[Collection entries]

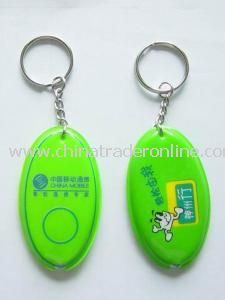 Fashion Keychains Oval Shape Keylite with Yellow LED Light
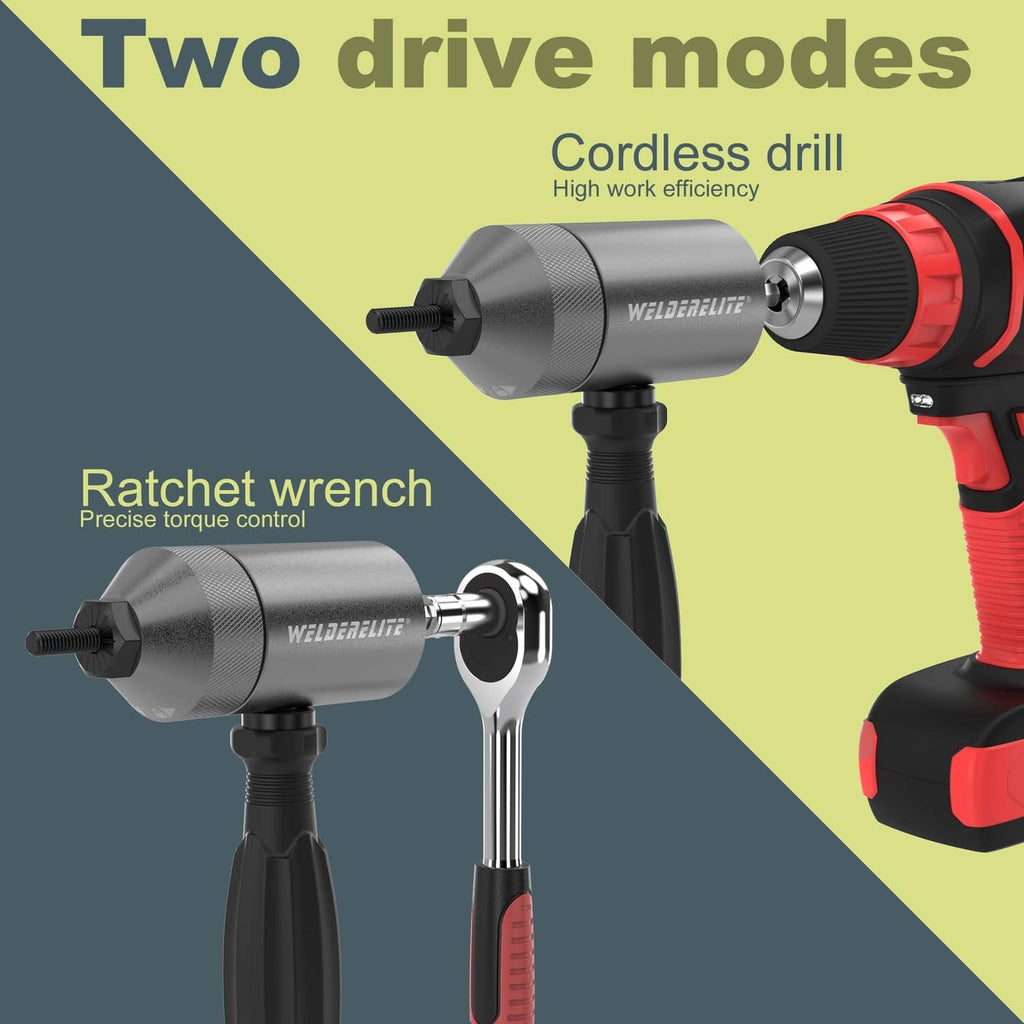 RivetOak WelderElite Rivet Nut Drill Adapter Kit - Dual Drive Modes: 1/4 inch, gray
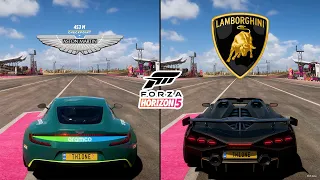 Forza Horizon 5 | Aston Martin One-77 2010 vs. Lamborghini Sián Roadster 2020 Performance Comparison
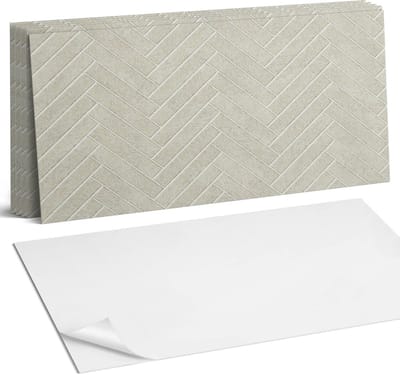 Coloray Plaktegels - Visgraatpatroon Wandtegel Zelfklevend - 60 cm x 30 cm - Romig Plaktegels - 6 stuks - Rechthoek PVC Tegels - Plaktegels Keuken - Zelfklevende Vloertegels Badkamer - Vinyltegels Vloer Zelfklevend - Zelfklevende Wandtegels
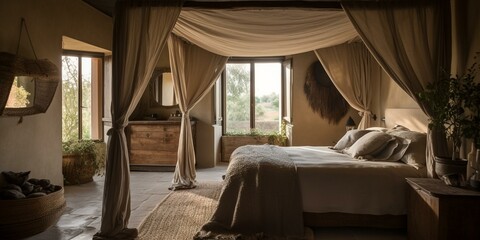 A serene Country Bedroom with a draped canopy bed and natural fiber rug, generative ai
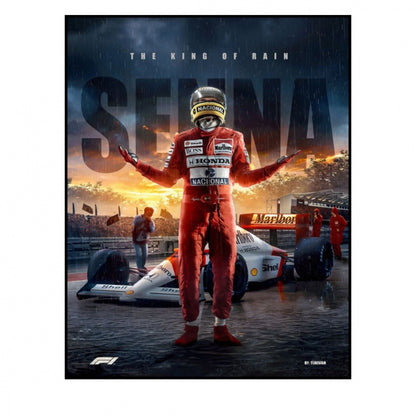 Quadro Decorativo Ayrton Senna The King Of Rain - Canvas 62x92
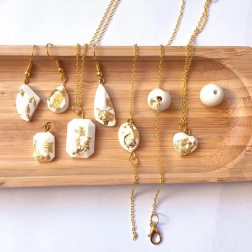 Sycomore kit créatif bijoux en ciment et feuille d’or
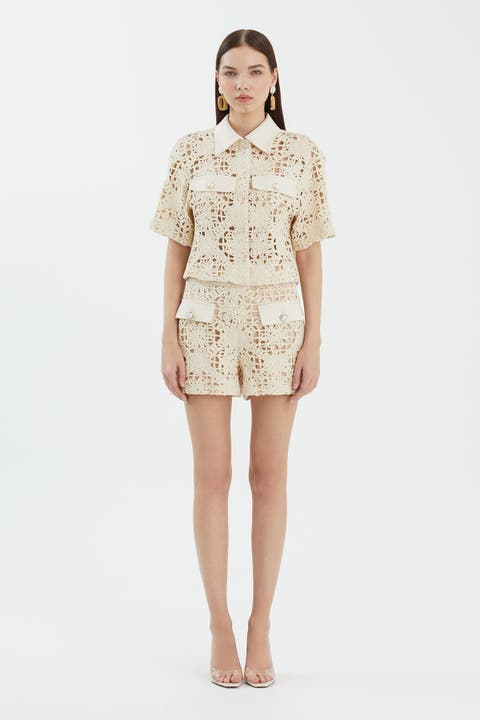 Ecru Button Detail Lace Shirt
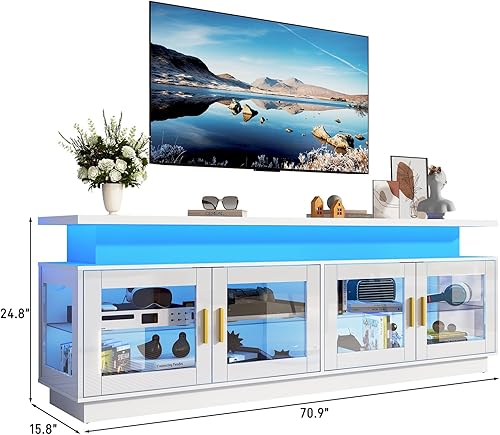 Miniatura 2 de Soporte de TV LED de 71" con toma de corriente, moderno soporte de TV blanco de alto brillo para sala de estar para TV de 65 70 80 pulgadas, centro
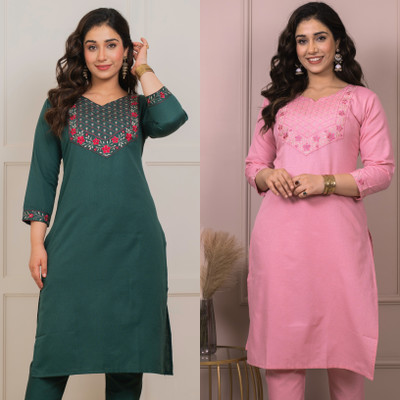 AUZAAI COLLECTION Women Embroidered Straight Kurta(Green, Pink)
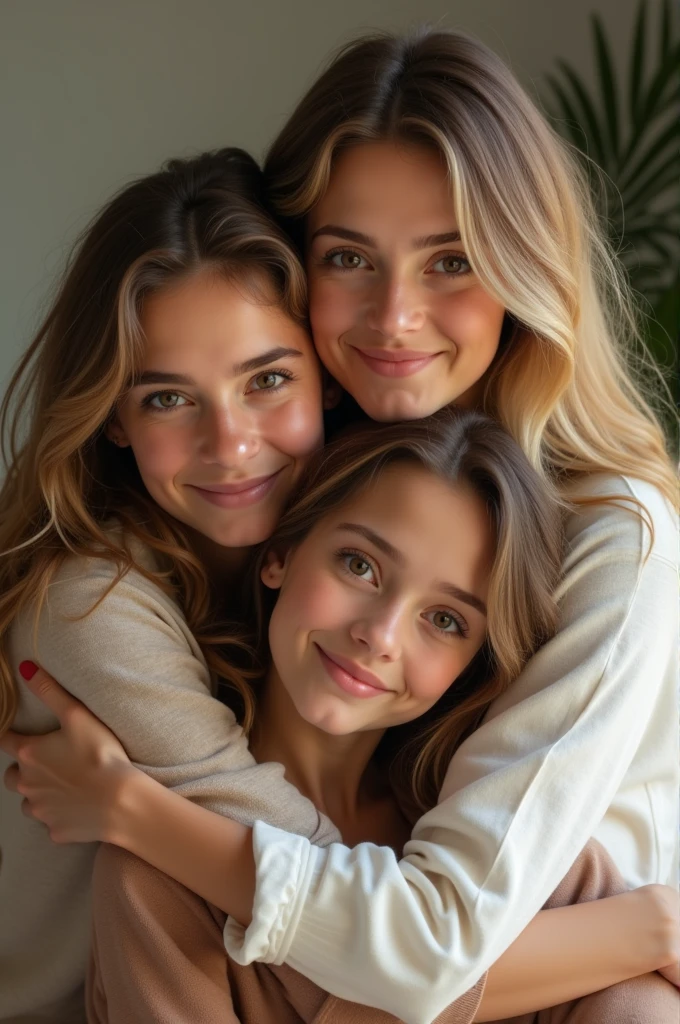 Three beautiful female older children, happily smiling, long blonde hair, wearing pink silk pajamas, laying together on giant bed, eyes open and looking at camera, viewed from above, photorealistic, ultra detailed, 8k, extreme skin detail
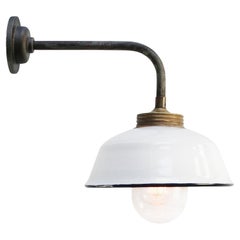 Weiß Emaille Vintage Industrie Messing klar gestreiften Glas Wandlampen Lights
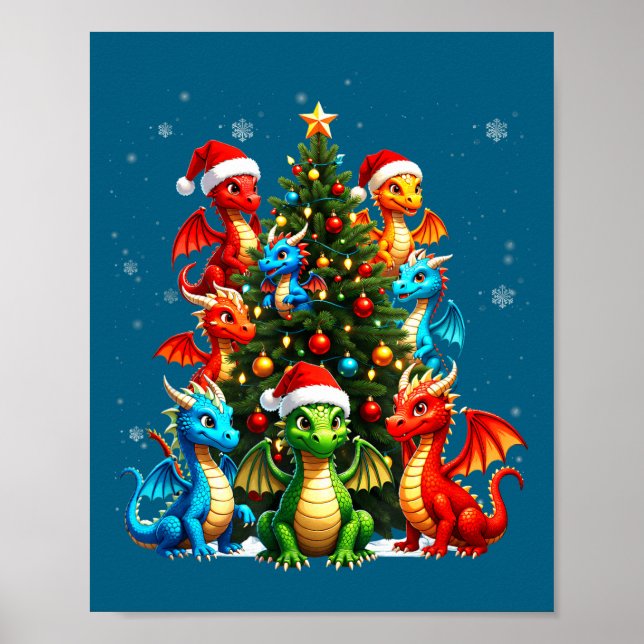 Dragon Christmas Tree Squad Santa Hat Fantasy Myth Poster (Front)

◆ TASK INSTRUCTIONS: Give back only the lines from the one that carries "Sycomore kit créatif" through the final line above, both included. Drop all pictures.

◆ OUTPUT OF THE TASK:
 Sycomore kit créatif bijoux en ciment et feuille d’or
 Ecru Button Detail Lace Shirt
 Miniatura 2 de Soporte de TV LED de 71" con toma de corriente, moderno soporte de TV blanco de alto brillo para sala de estar para TV de 65 70 80 pulgadas, centro
 AUZAAI COLLECTION Women Embroidered Straight Kurta(Green, Pink)
 Three beautiful female older children, happily smiling, long blonde hair, wearing pink silk pajamas, laying together on giant bed, eyes open and looking at camera, viewed from above, photorealistic, ultra detailed, 8k, extreme skin detail
 Weiß Emaille Vintage Industrie Messing klar gestreiften Glas Wandlampen Lights
 Dragon Christmas Tree Squad Santa Hat Fantasy Myth Poster (Front)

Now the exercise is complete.